He said he first gave a close look to the Wangemann cylinders in 2005. But at the time, he didn't have the equipment needed to convert the sounds stored on those fragile pieces into digital files. By 2010, he had what was needed and was able to convert the dozen cylinders that weren't too badly broken.
"When I heard that it was German speaking," he said, "that was a big clue that these might be something very important."
To figure out what it was, he called in Feaster, a lecturer in communication and culture at Indiana University, and, later, Puille, a conservator of archaeological finds at Berlin's University of Applied Sciences,
Puille said the words from the man speaking in a falsetto voice were hard to make out, but when he transcribed them he realized it was the chancellor speaking less than a year before he was replaced as chancellor.

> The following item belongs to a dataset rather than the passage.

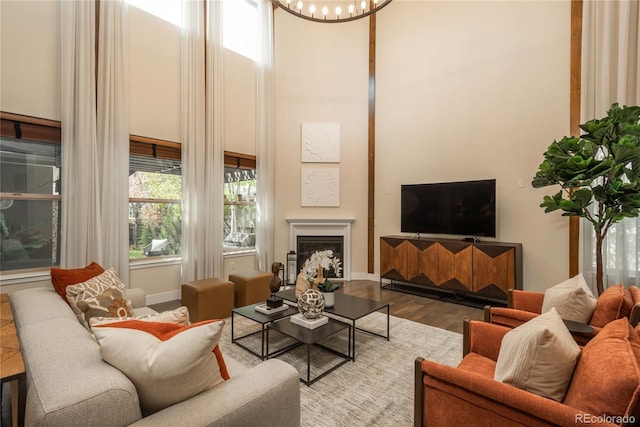 9266 E 35th Ave, Denver, CO 80238 - living room with wood finished floors, a high ceiling, a fireplace, a chandelier, and baseboards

The discovery has sparked intense interest in Germany. The Bismarck Society's Lappenkuper described it an in email as "hype," which he said could "fertilize the historical research."
He was interested to hear what the chancellor chose to say for posterity's sake: "Bismarck did not give any political advices but recitations of poems, lyrics... and a personal suggestion to his son to be moderate in working, eating and drinking!"
In Germany, the recording of Bismarck may be the most exciting. But another voice was also thrilling for Feaster to hear.
They captured Helmuth von Moltke, the longtime chief of staff for the Prussian army reciting lines from Shakespeare and other literature.
It's ironic, Feaster said, that a man born in 1800 and known as "the Great Silent One" is the owner of the only voice born in the 18th century known to be preserved.
Feaster said that find was a coup — but there are more to come in his field.
"There are always more holy grails," he said. "We're really at a moment where early sound recordings are turning up and becoming audible at a rate much greater than ever before."